A distorção nas médias do Enem existe, mas é difícil precisar seu grau: sabe-se, porém, que ela é diretamente proporcional ao nível de abstenção dos alunos de uma dada instituição na prova. Ou seja: quanto menor a presença deles na avaliação, maior a imprecisão do resultado. O certo é que a situação é mais aguda entre as escolas públicas, justamente as mais carentes de aprimoramento. Em cerca de um terço delas, a participação dos alunos na prova federal foi inferior a 25%. "Diante desse cenário, é difícil afirmar que a média obtida por essas instituições reflete com rigor a qualidade da educação que elas oferecem", afirma Gisele Gama Andrade, especialista em avaliação educacional.

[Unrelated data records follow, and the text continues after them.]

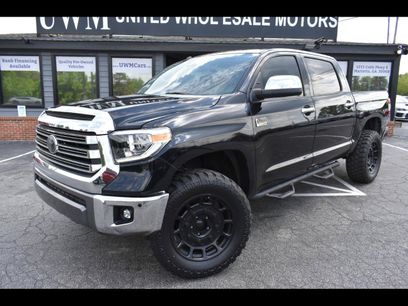 Used 2018 Toyota Tundra 1794 Edition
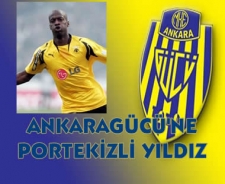 Ankaragücü'ne Portekizli yıldız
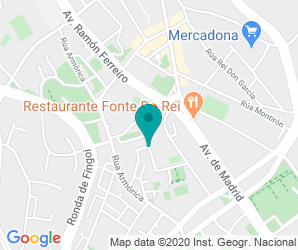 Localización de Colegio Illa Verde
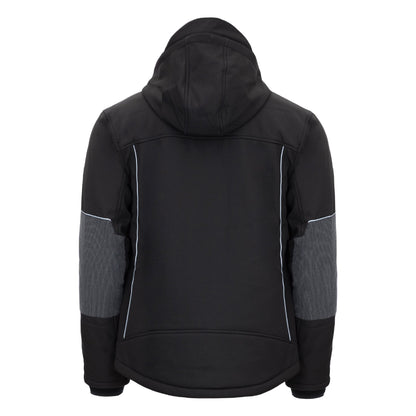 NITRAS MOTION TEX PLUS, chaqueta de invierno, negro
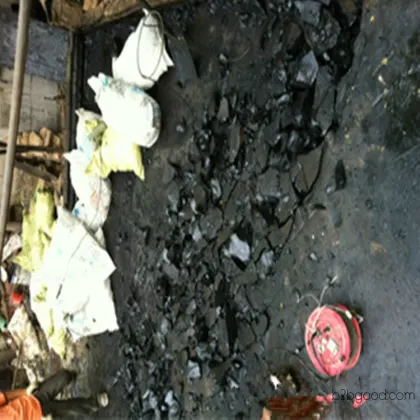 Recycled black rosin from waste materials of printing and dyeing factories (recycled rubber for rubber use)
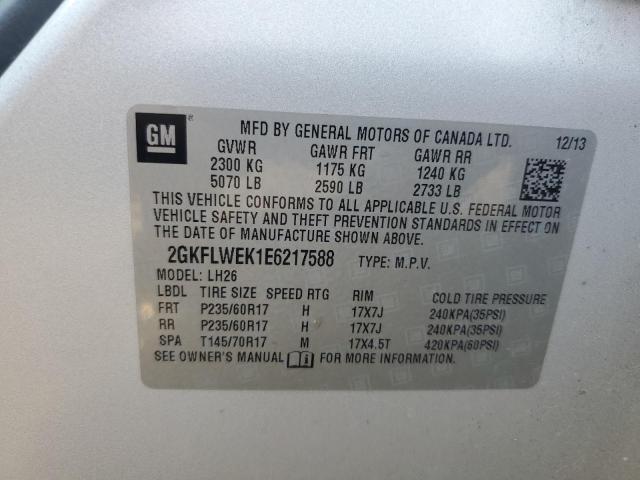 2014 GMC TERRAIN SL - 2GKFLWEK1E6217588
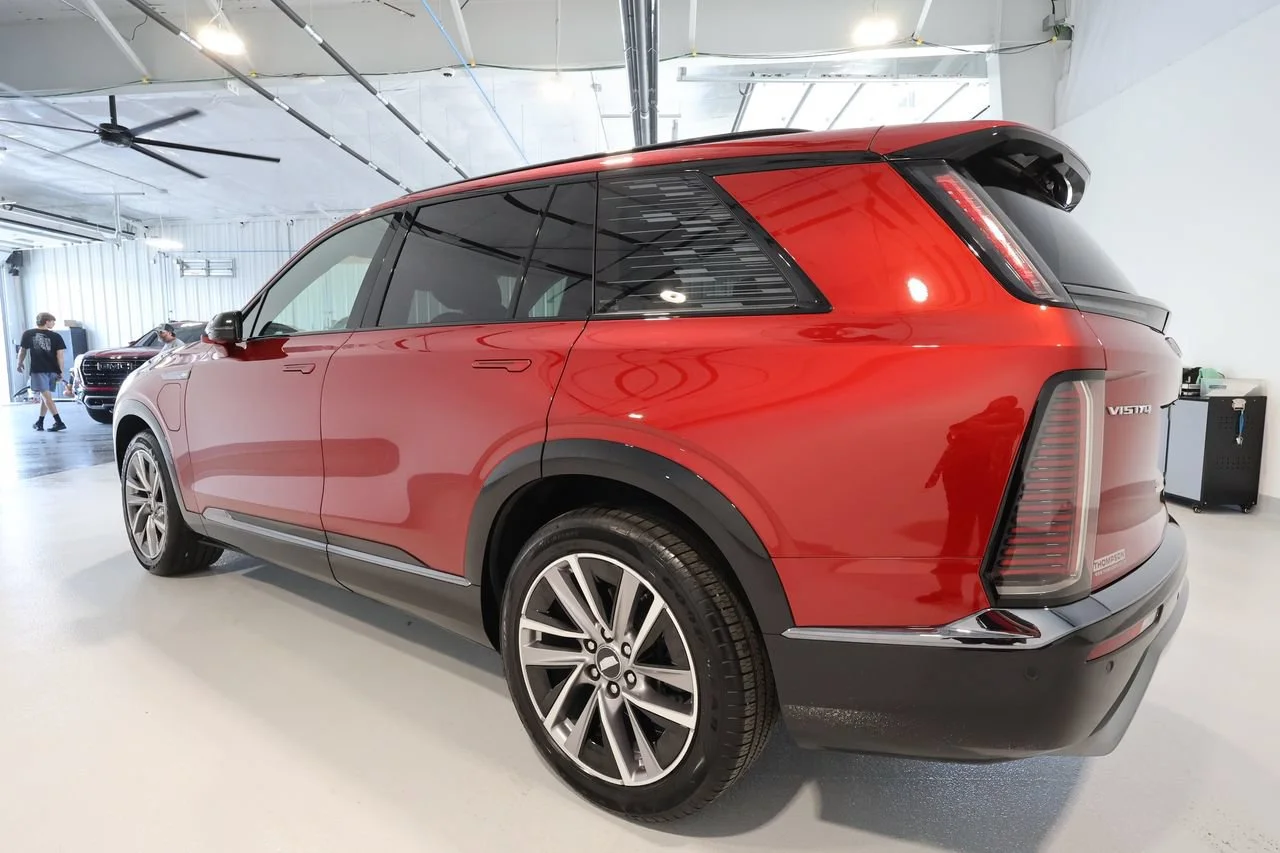 Used 2026 Cadillac VISTIQ Sport with VIN 1GYC3NML8TZ708898 for sale in Springfield, MO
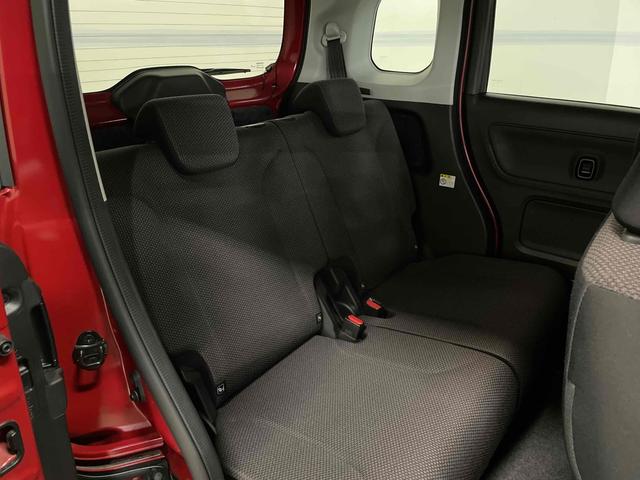 ワゴンＲスマイル ハイブリッドＳ　２トーンルーフパッケージ装着車　ドライブレコーダー　ＥＴＣ　両側電動スライドドア　クリアランスソナー　レーンアシスト　衝突被害軽減システム　オートライト　スマートキー　電動格納ミラー　シートヒーター　ベンチシート　ＣＶＴ（18枚目）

O MEC já revelou que estuda alterações na prova. Logo após a publicação dos resultados do Enem 2010, o ministro Fernando Haddad defendeu que o exame se torne compulsório aos concluintes do ensino médio. Os educadores apoiam. "Se a medida for adotada, teremos um retrato mais fiel da qualidade das escolas de ensino médio", diz Gisela Gama. Ilona Becskeházy, diretora-executiva da Fundação Lemann, vai além: "Mais do que uma avaliação das escolas, o resultado serviria como boletim de certificação para estudantes."
O exame, porém, não deveria ser tomado como avaliação única da qualidade das escolas, seja por pais, seja por educadores. Outra avaliação que ajuda a compreender a situação das instituições é o Índice de Desenvolvimento da Educação Básica (Ideb), medição consagrada que tem subsidiado políticas de governo. O indicador é calculado com base no desempenho do estudante em avaliações do MEC e em taxas de aprovação reveladas pelo Censo Escolar.
Os especialistas acrescentam que os pais não devem abandonar a antiga prática de investigar por conta própria as escolas de seus filhos. O perfil da instituição, a opção pedagógica e a formação do corpo docente continuam sendo fundamentais. "Veja se há incentivo a leitura, converse com a direção e com outros pais", diz Ilona. Em suma, o Enem é apenas parte da lição de casa.